Among the entries below, copy only the span from the line containing "this 480×522 image." through the line containing "this 450×300 image.". Do so exactly, and skip the pictures.

[Extracted entries Boundary: Start]

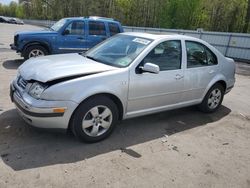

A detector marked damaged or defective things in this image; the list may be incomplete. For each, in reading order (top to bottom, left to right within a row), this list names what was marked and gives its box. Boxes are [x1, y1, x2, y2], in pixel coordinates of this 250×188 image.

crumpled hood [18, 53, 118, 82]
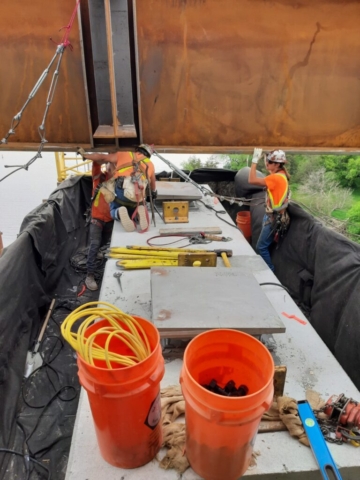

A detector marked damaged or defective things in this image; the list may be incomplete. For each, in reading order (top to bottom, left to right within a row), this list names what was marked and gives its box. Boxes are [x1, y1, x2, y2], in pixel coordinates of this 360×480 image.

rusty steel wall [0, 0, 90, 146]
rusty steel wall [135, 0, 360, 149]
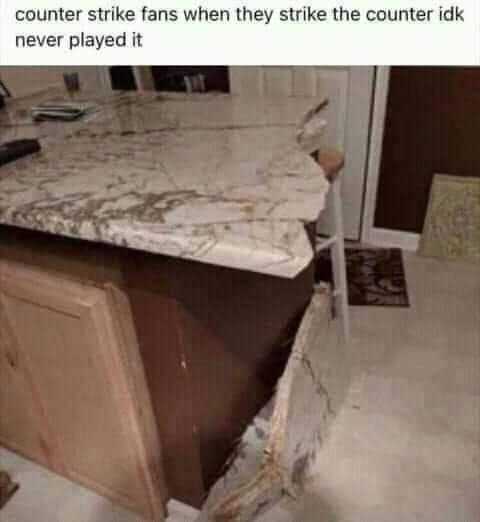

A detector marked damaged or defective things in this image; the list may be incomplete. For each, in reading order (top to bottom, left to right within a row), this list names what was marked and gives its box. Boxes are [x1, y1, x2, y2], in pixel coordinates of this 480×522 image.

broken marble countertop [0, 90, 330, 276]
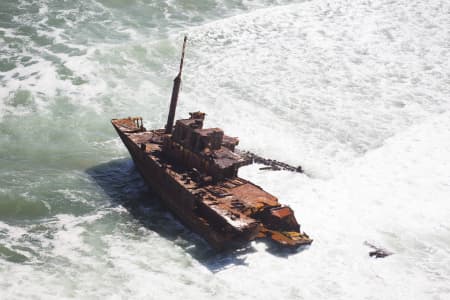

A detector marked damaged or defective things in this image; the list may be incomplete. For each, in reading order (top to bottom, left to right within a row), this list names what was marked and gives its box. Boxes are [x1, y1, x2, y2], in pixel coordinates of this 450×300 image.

[Extracted entries Boundary: End]
[Extracted entries Boundary: Start]

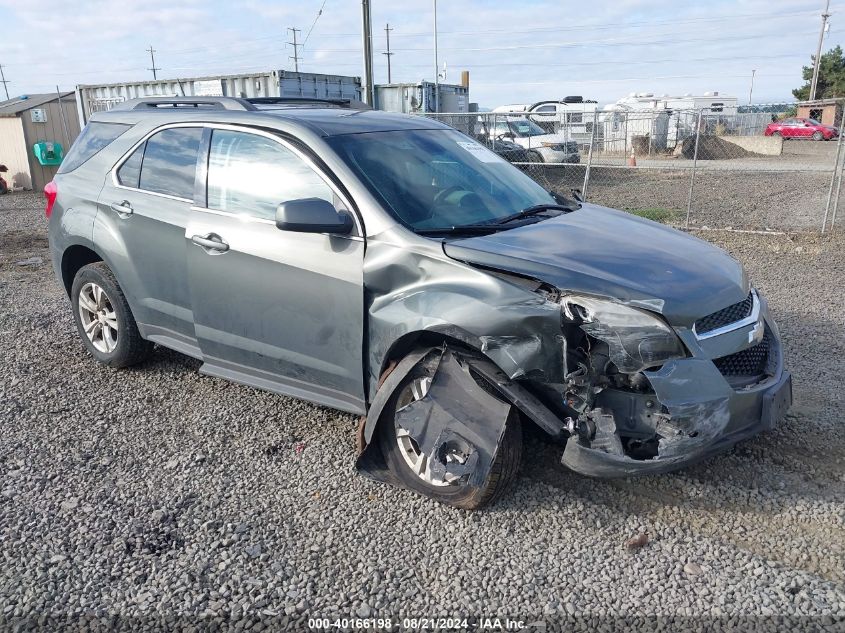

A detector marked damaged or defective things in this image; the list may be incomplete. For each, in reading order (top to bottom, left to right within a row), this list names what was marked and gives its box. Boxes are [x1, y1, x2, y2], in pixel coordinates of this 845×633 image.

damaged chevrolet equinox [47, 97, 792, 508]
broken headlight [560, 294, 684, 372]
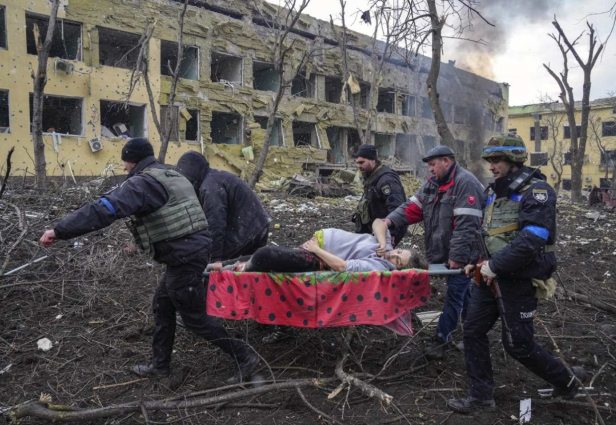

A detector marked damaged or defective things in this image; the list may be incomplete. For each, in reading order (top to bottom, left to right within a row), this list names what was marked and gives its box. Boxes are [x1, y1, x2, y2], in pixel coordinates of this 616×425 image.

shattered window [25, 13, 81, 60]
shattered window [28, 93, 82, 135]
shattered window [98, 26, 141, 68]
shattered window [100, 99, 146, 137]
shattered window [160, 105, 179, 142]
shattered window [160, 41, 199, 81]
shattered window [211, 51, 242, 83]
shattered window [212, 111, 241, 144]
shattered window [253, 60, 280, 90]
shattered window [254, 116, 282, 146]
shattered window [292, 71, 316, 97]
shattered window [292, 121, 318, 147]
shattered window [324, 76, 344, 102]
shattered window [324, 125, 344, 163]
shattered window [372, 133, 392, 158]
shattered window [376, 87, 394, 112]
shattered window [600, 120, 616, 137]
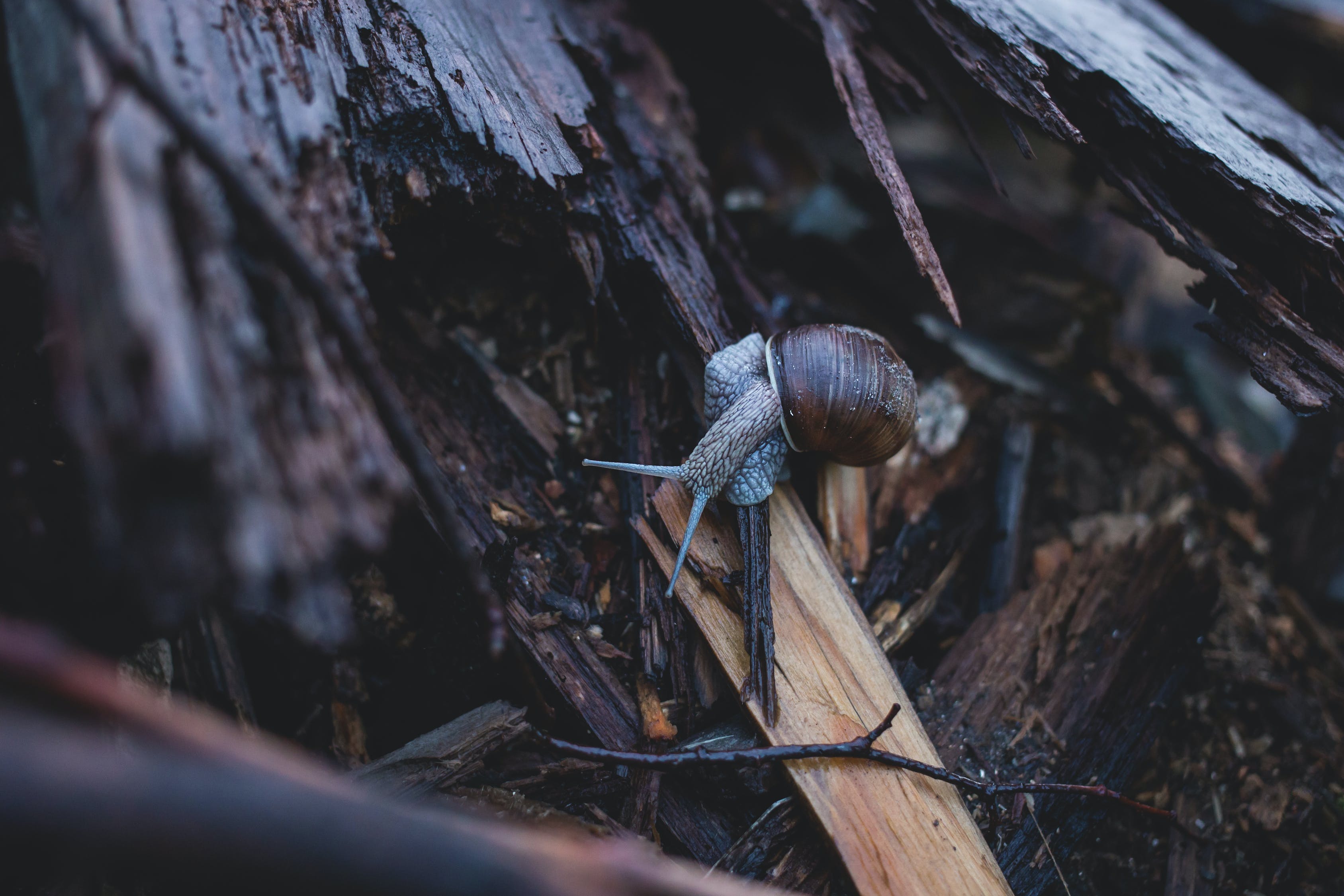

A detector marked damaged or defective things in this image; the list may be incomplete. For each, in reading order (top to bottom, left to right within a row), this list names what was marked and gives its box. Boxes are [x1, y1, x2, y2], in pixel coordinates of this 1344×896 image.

[Extracted entries Boundary: End]

## Solution to the problem
A detector marked damaged or defective things in this image; the list may be incomplete. For each, in reading order (top to bottom, left to right within a row), this list names what was marked and gives its box. Boxes are [x1, y1, x2, y2], in pixel coordinates of this 480×522 image.

broken marble countertop [0, 90, 330, 276]

A detector marked damaged or defective things in this image; the list may be incomplete. For each, in reading order (top to bottom, left to right within a row), this list names what was marked and gives its box. Boxes are [x1, y1, x2, y2], in pixel coordinates of this 450×300 image.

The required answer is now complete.